El antigitanismo es definido por el Consejo de Europa como una forma específica de racismo, basado en la creencia de una superioridad racial respecto al pueblo gitano, que se expresa mediante violencia, discurso del odio, estigmatización y discriminación descarnada. Se caracteriza porque, cuando se da: 1) es sistemático (aceptado por gran parte de la comunidad); y 2) es persistente histórica y geográficamente (se mantiene constante a lo largo del tiempo).
De esta persistencia da cuenta el informe La población romaní en 10 países europeos, publicado el pasado octubre por la FRA (Agencia de Derechos Fundamentales de la UE). El informe cuantifica cómo el racismo contra la población gitana no solo no ha disminuido en Europa desde 2016, sino que ha aumentado. En algunos países lo ha hecho de forma alarmante, como en Portugal y Chequia. En otros, el aumento ha sido más moderado pero igualmente preocupante, como en Grecia y en el Estado español, donde 1 persona gitana de cada 3 se siente discriminada en la búsqueda de trabajo, vivienda o educación.

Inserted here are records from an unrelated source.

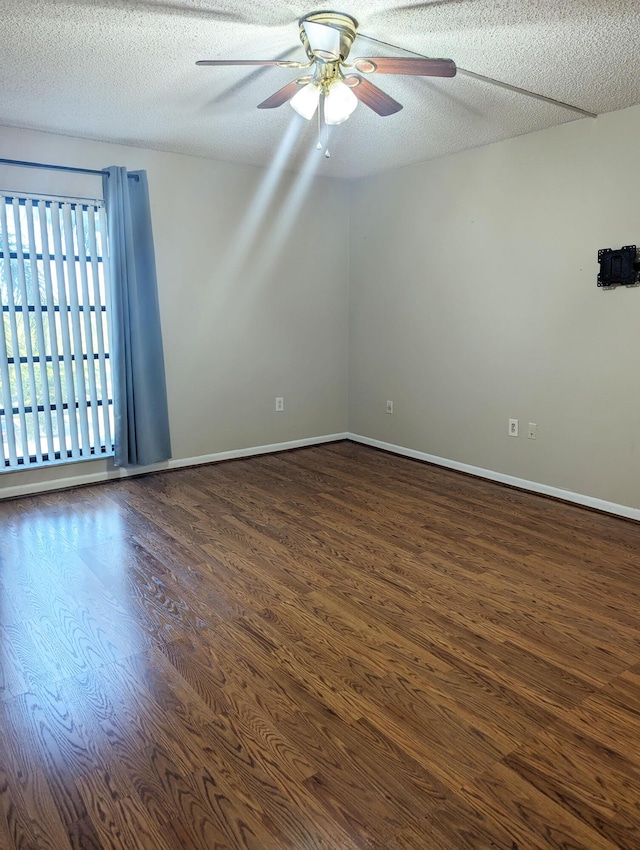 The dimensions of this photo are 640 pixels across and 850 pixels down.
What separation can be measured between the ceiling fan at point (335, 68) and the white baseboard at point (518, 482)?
2586mm

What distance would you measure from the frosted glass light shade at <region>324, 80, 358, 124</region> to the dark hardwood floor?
2.09 meters

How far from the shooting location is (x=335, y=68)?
2.44m

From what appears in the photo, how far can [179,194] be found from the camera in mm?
4402

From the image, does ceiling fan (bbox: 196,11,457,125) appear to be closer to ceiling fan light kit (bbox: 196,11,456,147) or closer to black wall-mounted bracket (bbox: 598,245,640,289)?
ceiling fan light kit (bbox: 196,11,456,147)

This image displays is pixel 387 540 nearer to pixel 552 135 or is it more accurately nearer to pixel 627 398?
pixel 627 398

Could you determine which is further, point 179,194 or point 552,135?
point 179,194

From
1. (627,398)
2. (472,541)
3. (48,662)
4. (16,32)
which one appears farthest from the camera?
(627,398)

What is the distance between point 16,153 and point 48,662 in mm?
3174

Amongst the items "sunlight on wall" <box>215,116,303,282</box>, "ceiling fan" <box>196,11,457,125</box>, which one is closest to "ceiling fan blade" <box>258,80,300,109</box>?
"ceiling fan" <box>196,11,457,125</box>

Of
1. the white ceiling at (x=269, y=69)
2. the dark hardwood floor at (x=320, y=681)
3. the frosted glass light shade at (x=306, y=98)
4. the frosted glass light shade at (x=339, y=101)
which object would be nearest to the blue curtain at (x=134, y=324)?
the white ceiling at (x=269, y=69)

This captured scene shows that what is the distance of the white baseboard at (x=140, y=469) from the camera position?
160 inches

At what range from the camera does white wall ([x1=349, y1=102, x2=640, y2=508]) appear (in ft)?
11.5

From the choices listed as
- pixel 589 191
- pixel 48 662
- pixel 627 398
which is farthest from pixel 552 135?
pixel 48 662

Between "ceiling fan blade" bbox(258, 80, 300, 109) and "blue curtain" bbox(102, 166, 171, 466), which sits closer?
"ceiling fan blade" bbox(258, 80, 300, 109) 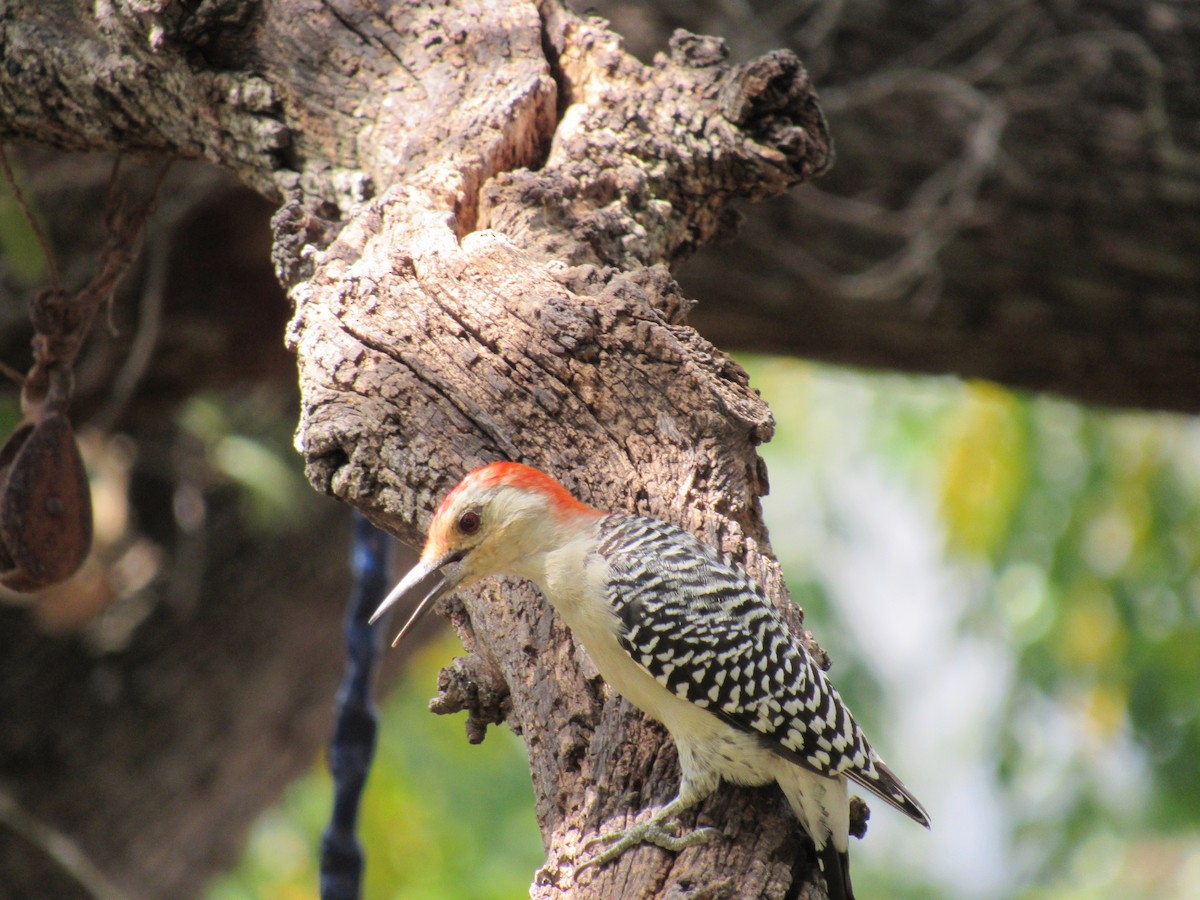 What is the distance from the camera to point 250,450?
4852 mm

Las cifras de esta discriminación denotan que el antigitanismo es estructural en nuestra sociedad. No se acota aisladamente a grupos y partidos neonazis (en Europa suman 248; en el Estado Español, 35); ni siquiera a partidos de extrema derecha. El rechazo a las personas gitanas es sistémico, también en Euskadi. Según el informe Neurtu 2022 del Observatorio Ikuspegi, encuestada la población vasca, cuando se les plantea el supuesto de alquilar su vivienda a una persona gitana, 4 de cada 10 personas se negarían.
El Código Penal español, desde julio de 2022, incluye el antigitanismo entre los delitos de odio.